When findings of the audit were released, investigations were ongoing, said Scott Staudinger, DSU coordinator of institutional research and planning.

“Dickinson State, in an attempt to make sure we had captured all of the international students who are affected, needed to go back and do further validation,” he said.

He and Bill Eggert, NDUS director of internal audit and risk assessment, said some students recently added to the list had no files at all.

“We had to create certain files because there was no documentation whatsoever,” Staudinger said. “The files are gone, but we knew that their names are in system.”

Eggert said it’s possible there was documentation at one time.

A possible explanation is some files may have erroneously been put into other students’ files, he said.

All students implicated were enrolled in dual-degree, dual-credit programs where they would earn a degree and/or college credits from DSU and their home country.

Another troubling issue with the students is a lack of articulation agreements between DSU and the Chinese or Russian campus they transferred from, Eggert said.

“That basically states ‘here’s the classes that they have to take,’” he said, adding it’s a breach in the standards for accreditation.

More than 100 agreements should have been on file, but there were less than 30, Eggert said, adding only three or four were valid.

Many of the students were also enrolled in different programs in each country.

“This is a prime example: me being a Spanish major here, and then going to Spain and getting an architectural degree,” Eggert said. “I mean it makes no sense.”

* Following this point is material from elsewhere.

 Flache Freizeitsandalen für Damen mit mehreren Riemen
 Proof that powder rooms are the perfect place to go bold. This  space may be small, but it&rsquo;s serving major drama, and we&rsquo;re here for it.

Some were handed degrees after a fraction of the courses needed were taken.

“How do you justify giving a five-year accounting degree after, you know, 30 credits?” Eggert said. “An accounting degree is at least 128 credits.”

Marie Moe, DSU director of university relations, is confident the number of students of concern will stay at 771.

“That has been finalized,” she said.

DSU is also taking steps to address the situation, she added.

Affected students need to have their official transcripts sent from their home institution and from classes they’ve taken in the United States other than at DSU. Then DSU needs a secondary verification from officials in China, Moe said.

Then an evaluation of the courses taken by the students and how they’re equivalent to courses in the United States will be conducted, she said.

“From there, if they’ve completed the 128 credits and requirements for the degree they were pursuing, their degree will be affirmed,” Moe said. “If they are missing credits, then they will be notified of what they need to do to finish their degree at Dickinson State.”

Missing courses and other requirements means their DSU degree is invalid. If those requirements aren’t met, their DSU degree will be removed from their transcript, she said.

“What’s really tricky to us is not to make a blanket statement that these students’ degrees are invalid,” Moe said. “They were awarded without proper documentation and we have to go back and verify all of these degrees. But it doesn’t mean that all of these degrees were invalid.”

Because the students were also working toward a degree through their home institution, those with invalid DSU degrees may have valid degrees in their home country, she said.

The issue may have an effect on enrollment, since DSU is discontinuing the special international programs and will also do their own student recruiting, rather than hiring outside entities, Moe said.

“Any international student that’s coming to DSU will actually go through the traditional process,” she said. “I would anticipate that there would be an impact to enrollment as we take these positive steps and reevaluate the practices used.”